Stany Zjednoczone zmagają się obecnie z pandemią, która zmusiła miliony do rezygnacji z pracy i dała ludziom kilka rozdzierających serce wyborów dotyczących życia i śmierci. Trump zawiódł naród amerykański, a jego niekompetencja wiąże się z liczbą ciał, która nigdy nie powinna zostać wybaczona, bez względu na to, jak bardzo będzie próbował się z tego wykręcić.
Reklama
Stany Zjednoczone mają obecnie ponad 761 000 zidentyfikowanych przypadków covid-19 i co najmniej 40 905 zgonów, zgodnie z najnowszymi danymi z Johns Hopkins – zdecydowanie więcej niż jakikolwiek inny kraj.
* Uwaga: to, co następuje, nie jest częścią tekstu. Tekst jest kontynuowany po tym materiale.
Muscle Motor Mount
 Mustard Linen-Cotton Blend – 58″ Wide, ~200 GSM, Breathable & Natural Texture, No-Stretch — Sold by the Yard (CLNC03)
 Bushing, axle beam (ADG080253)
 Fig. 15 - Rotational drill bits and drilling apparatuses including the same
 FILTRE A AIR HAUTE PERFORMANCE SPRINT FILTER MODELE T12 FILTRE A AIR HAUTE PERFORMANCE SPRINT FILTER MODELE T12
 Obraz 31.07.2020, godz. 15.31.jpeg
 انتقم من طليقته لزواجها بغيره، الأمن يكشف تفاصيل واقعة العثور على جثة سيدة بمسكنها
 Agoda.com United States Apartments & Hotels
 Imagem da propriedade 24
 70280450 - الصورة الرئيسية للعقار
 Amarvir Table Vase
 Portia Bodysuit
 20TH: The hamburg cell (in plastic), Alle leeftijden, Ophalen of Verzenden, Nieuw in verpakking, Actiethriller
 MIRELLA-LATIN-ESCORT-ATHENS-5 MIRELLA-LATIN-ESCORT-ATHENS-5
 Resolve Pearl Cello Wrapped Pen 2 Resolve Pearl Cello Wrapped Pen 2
A Trump odmówił przyjęcia odpowiedzialności za cokolwiek z tego. Trump jest, obiektywnie rzecz biorąc, złym prezydentem. Ale nie musimy wybielać historii, by to pokazać.
Reklama
Johnson nie był aniołem, a zdjęcia mogą kłamać. Lub, w tym przypadku, zdjęcia mogą nagiąć prawdę na tyle, by wyglądało to tak, jakbyś załamywał się emocjonalnie, podczas gdy tak naprawdę po prostu nie słyszysz nagrania audio wykonanego w tandetnej technologii z lat 60-tych.